- **What to do**
Only the pictures are to be left out; please reproduce everything else in the data exactly.

- **Given information**
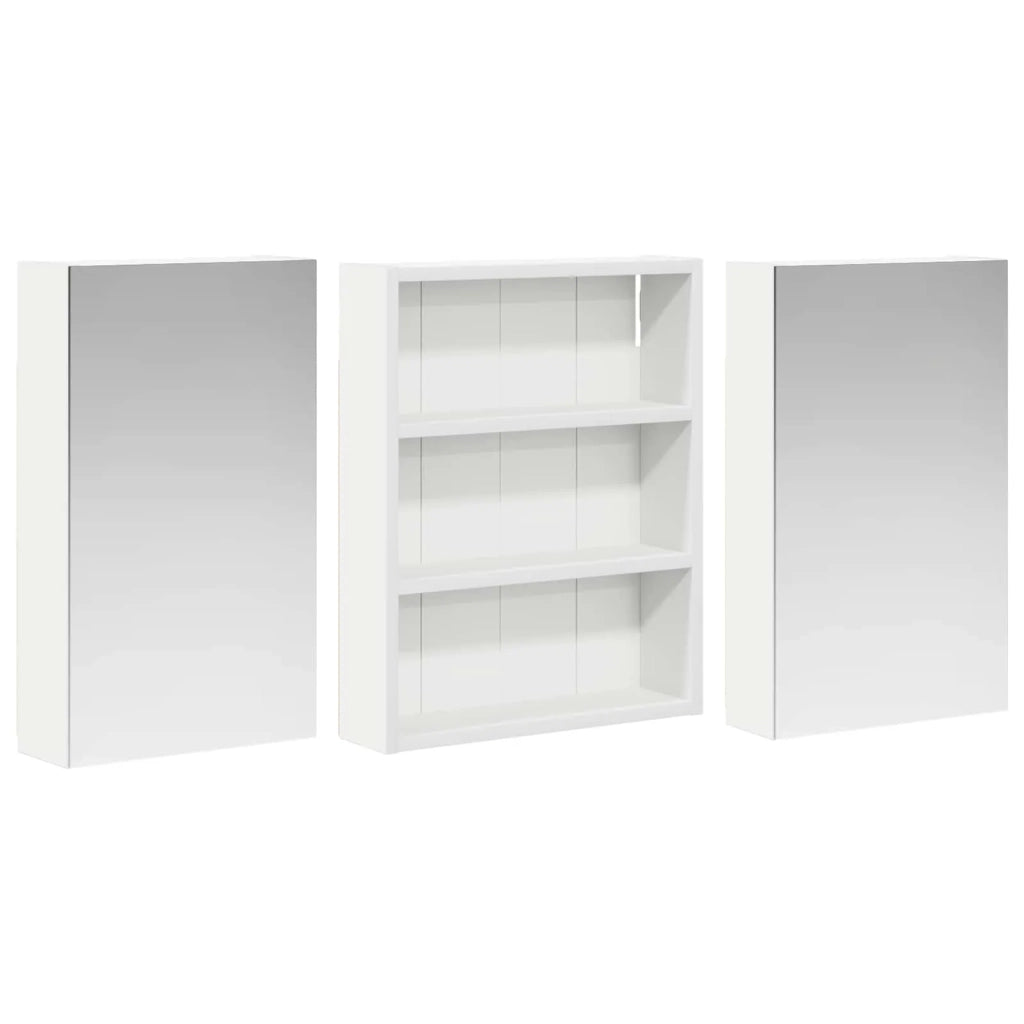 Set di Armadi da Bagno con lo scaffale 3 pcs 100 x 10,5 x 50 cm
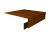 Планка околооконная сложная БХ new 200х50х27 0,45 Print-Double Premium Golden Wood Intense F (3м) Центр Кровли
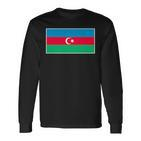 Azerbaijan Flag Vintage Azerbaijani Colors Langarmshirts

- **Task solution**
 Set di Armadi da Bagno con lo scaffale 3 pcs 100 x 10,5 x 50 cm
 Планка околооконная сложная БХ new 200х50х27 0,45 Print-Double Premium Golden Wood Intense F (3м) Центр Кровли
 Azerbaijan Flag Vintage Azerbaijani Colors Langarmshirts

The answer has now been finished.